Among Manandyan's philological studies, special attention is given to his research on Movses Khorenatsi and his "History", Mesrop Mashtots and the invention of writing system, presented in a number of works.

The historian always proudly emphasized that the literary heritage of the Armenians is a valuable contribution to universal culture. "The extensive historical literature of the Armenians, the richest among all historical literatures of the Near East, serves as a valuable source for studying the history not only of Armenia but also of Persia, Byzantium, Georgia, Agvan, and almost all the peoples of the Near East", Manandyan said. The truth of these words is evidenced by hundreds of works by various world scholars, which include numerous excerpts from the works and research of Manandyan.

=== Episode on Manandyan’s Unknown Side ===
Many researchers studying Manandyan's life and work suggest that some episodes of the great scientist's life might have remained obscured. Specifically, very little is known about his student years, and it is difficult to determine what changes were made to many of his articles published during the Soviet period due to censorship practices of the time.

One of the unexplored periods of the scientist's life is revealed by a manuscript article presented by Manandyan's student, historian Petros Hovhannisyan, in 1990. This article, titled "The Influence of Buddhism," was written by Manandyan during his studies in Germany. Petros Hovhannisyan noted that, unfortunately, it was not possible to determine to whom the article was addressed or why it was not published. The manuscript is currently preserved in the collection of the Armenian Publishing House of the Caucasus named after Charents. In the mentioned article, Manandyan, presenting the rapid development of science, emphasized that among the old Teachings, Buddhism in particular began to attract the attention and respect of scientists.

=== Contribution to Historiography ===
The Exceptional Mission of Manandyan's scientific work was his comprehensive study of Armenian history, characterized by exceptional impartiality and meticulousness. The scientific legacy of Manandyan the historian covers the history of the Armenian people from the 6th century BC to the 15th century AD. Despite his immense patriotism and boundless love for the Armenian people, he rejected falsification and excessive emotion in academic work. The study and clarification of sources was of particular importance for the historian.

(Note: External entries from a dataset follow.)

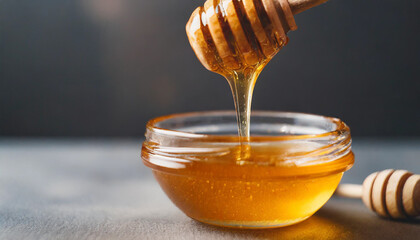 Golden honey drips from a dipper, symbolizing health and sweetness, a tempting visual of natural goodness - obrazy, fototapety, plakaty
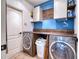 Laundry room with washer, dryer, and custom wood shelving at 8260 47Th Street E Cir, Palmetto, FL 34221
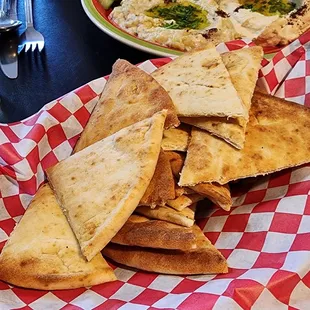 a plate of pita chips and a plate of salad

Manandyan emphasized, “When examining each historical book, it is necessary to pay attention first of all to the reliability of the facts, accuracy, research method, carefully examine historical sources, trying to filter the truth from delusion, narratives and legends from historical reality, and ignorant, biased or deliberate judgments of ancient historians from an impartial objective attitude to historical milestones” Manandyan wrote.

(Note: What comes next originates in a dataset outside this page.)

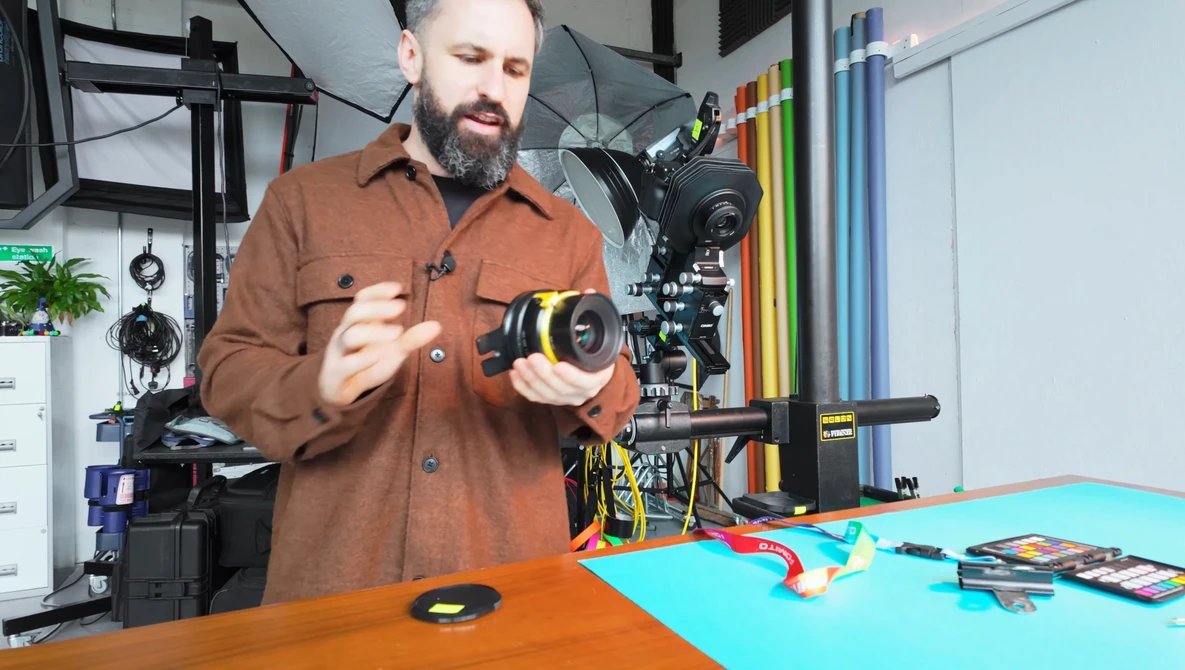 Bearded man in brown shirt holding a cinema camera lens in a studio workspace.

From this perspective, one of Manandyan's most notable works is "Tigranes II and Rome a new interpretation based on primary sources". Prior to this work, the history of Tigran II's reign had been studied in a compressed and limited manner by Western historians. These historians relied primarily on accounts from Roman chroniclers who were hostile to Armenia and Pontus, intentionally distorting events and downplaying Armenia's role, presenting Tigran the Great as a minor historical figure. In his monograph, Manandyan subjected Roman sources to meticulous critical analysis and reevaluation, exposing the one-sidedness and often falsehood of the information they provided about Tigran the Great and Armenia. As in all his works, Manandyan used only those primary sources that withstood scrutiny for reliability. He frequently quoted all existing evidences from various primary sources about the same historical event or issue, compared them, and only then provided his conclusions. This work is considered the best monograph on Tigran II's reign and his era, and while previously world history recognized only Carthage as a formidable opponent to Rome, Manandyan demonstrated how Armenia was also capable of resisting Rome.

As the famous historian Boris Grekov rightly noted, Manandyan “was able to correctly determine the state of Armenology and direct his efforts where they could yield the greatest results.” From this point of view, the work done by the historian in the direction of studying the socio-economic life of ancient Armenia is invaluable, thanks to which he made possible a comprehensive analysis of Armenian history. Among his works in this area are "Notes on the Status of Peasants in Ancient Armenia During the Marzpans" (1925), "Royal Taxes in Armenia During the Marzpans" (1926), "Materials on the Economic Life of Ancient Armenia" (1927), "Feudalism in Ancient Armenia" (1934), "Cities of Armenia in the 10th–11th Centuries" (1940), and "Trade and Cities of Armenia in Relation to Ancient World Trade" (1960). These works provide detailed descriptions of medieval Armenia's internal life from social, legal, and economic perspectives, including land ownership forms, etc., up to various measures and weights used. In fact, by studying the socio-economic life of ancient and medieval Armenia, Manandyan founded a new direction in the development of Armenian historiography, illuminating previously unexplored complex and intricate issues, thereby going beyond the framework of national history and representing great significance for the study of the history of the ancient world - especially the countries of Central Asia.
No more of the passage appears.